The commission's 14th recommendation deals with the issue of fishing by rod and line. The recommendation is of some controversy, as it suggests that the Scottish ministers should be given the power to make regulations with regard to fishing by rod and line—in other words, to define what that is. The advice is that we should approve the first part of the recommendation and agree that effect should be given to it in section 4. However, we should ask the Scottish Executive to confirm that the three methods of fishing by rod and line that are specified as offences in the definition of "rod and line" in section 4(1) specify all and only those methods of fishing that were made unlawful by the legislation that was repealed by the 1951 act. We are advised to ask the Executive to explain what is meant by those unlawful methods and their provenance and why it thinks that conferring a power on the Scottish ministers to amend the definition of "rod and line" by regulations meets the test of being
That is a good example of the "necessary" problem.
The adviser also raised a question about the definition of pointing. Is that covered by the action that the convener has suggested?
What is meant by pointing and where the definition comes from were covered in the convener's summing up.
Members should know that the Subordinate Legislation Committee considered that point this morning and agreed to raise its concerns with the Executive in writing.
The use of set lines is an issue because it has become standard practice for anglers on a riverbank or loch to set up a series of rods with set lines. That practice is causing a lot of concern, particularly in the managed fisheries that have a high number of rainbow trout. We are getting complaints from that sector.
I presume that set lines are used to obtain fish commercially—that is, that people sell them on. Is that correct?
Yes. They are not used for the sport of fishing. A particular group wants to give oral evidence on that issue to the committee, but I do not know whether that would be appropriate.
It would be best to ask the group to submit written evidence. After considering its submission, we could decide whether to invite the group to give oral evidence.
We move on to the fourth and final paper, which contains our adviser's recommendations on whether part 1 correctly consolidates the law.
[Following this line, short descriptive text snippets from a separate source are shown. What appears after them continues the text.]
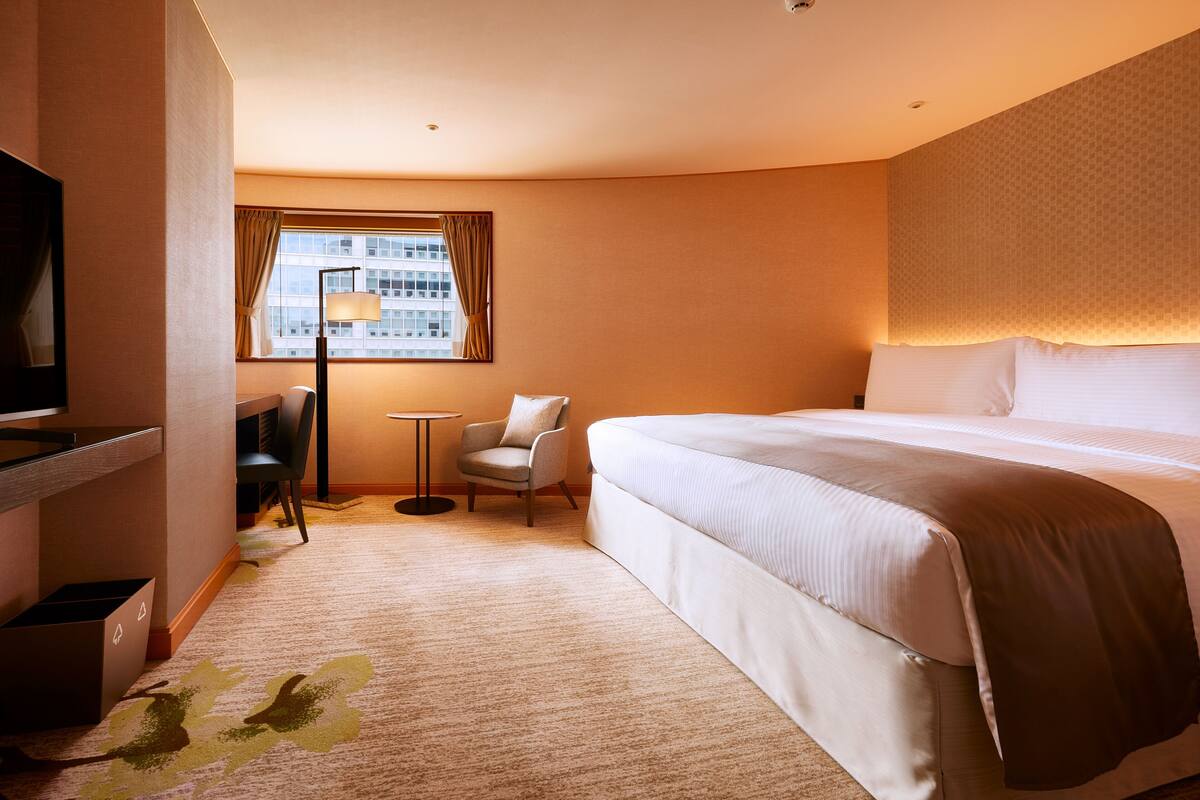A hotel room with a large bed, a desk, a chair, and a window with curtains.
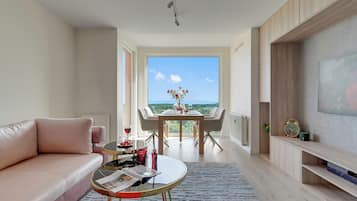 Deluxe-Apartment, 1 Schlafzimmer, Meerblick | Wohnbereich | Flachbildfernseher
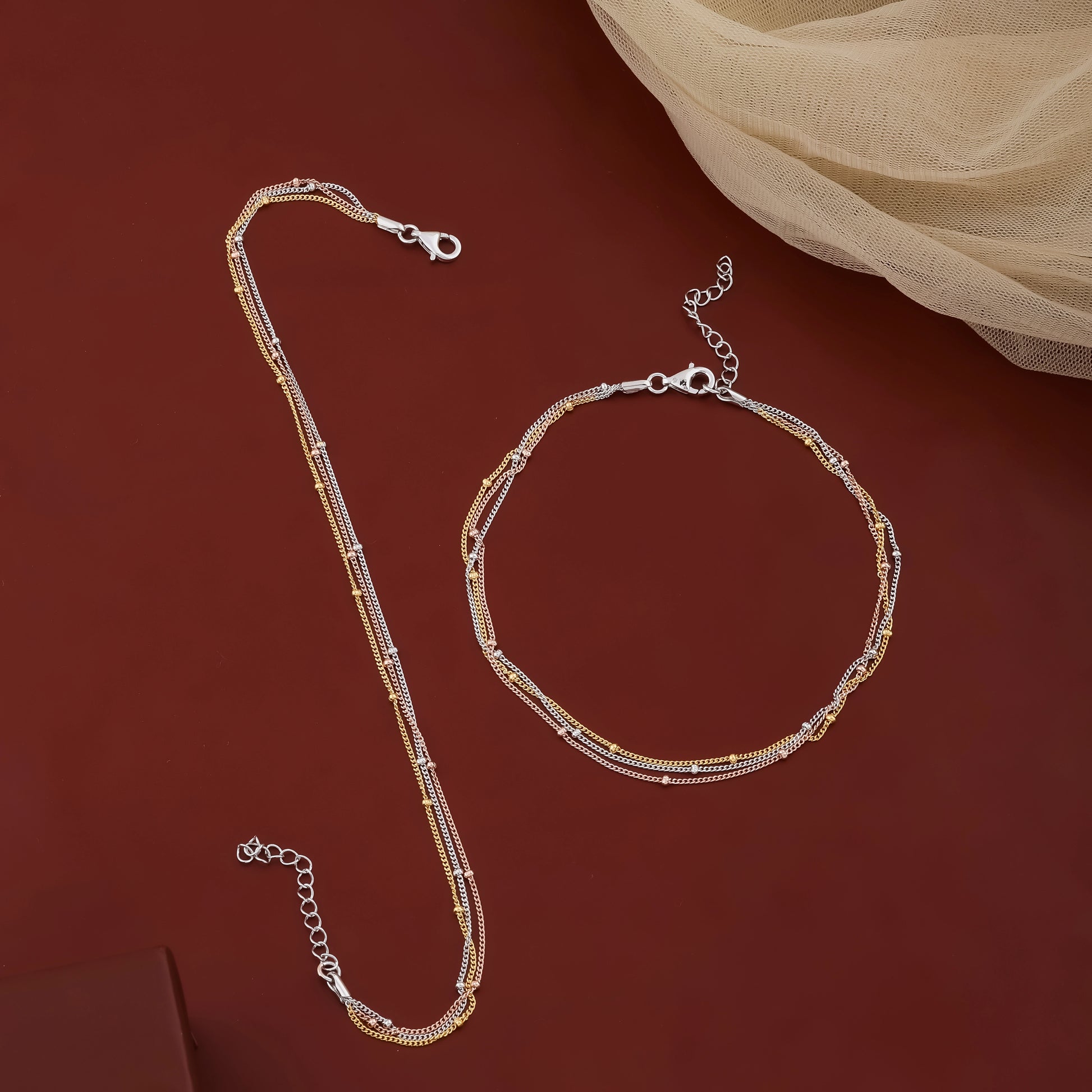 Gold necklace and bracelet set on a red background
The adviser comments on the bill's general structure. For example, he comments on whether the heading for part 1 is appropriate or should be changed, and on the grouping of sections. I will not go through the adviser's comments in detail. I suggest that we write to the Executive and ask for its comments on the layout of the bill, the numbering of sections and so on.
The next point relates to sections 1(5)(d) and 1(6)(a). Those provisions require any person who considers that he is entitled to use a cruive or a certificated fixed engine to prove that entitlement in any legal proceedings in which the question is raised. That is a new provision; it is not a re-enactment or the subject of any recommendation by the Scottish Law Commission, although the commission recommended a similar provision in relation to haaf nets. It is questionable whether the new provision is competent within a consolidation bill. The recommendation is that we ask the Executive to explain why it is thought that sections 1(5)(d) and 1(6)(a) can be included in the bill. We should also seek the Executive's comments on whether they are compatible with article 6(2) of the European convention on human rights and whether section 61 should apply to them. Is that agreed?
Should we perhaps be a bit stronger than that, if we are trying to draw clear lines for the future? Should we not intimate that the committee does not think that the bill is a relevant vehicle for those measures?
At this stage, we are simply writing to the Executive to ask for its views. We will draw our conclusions in our report.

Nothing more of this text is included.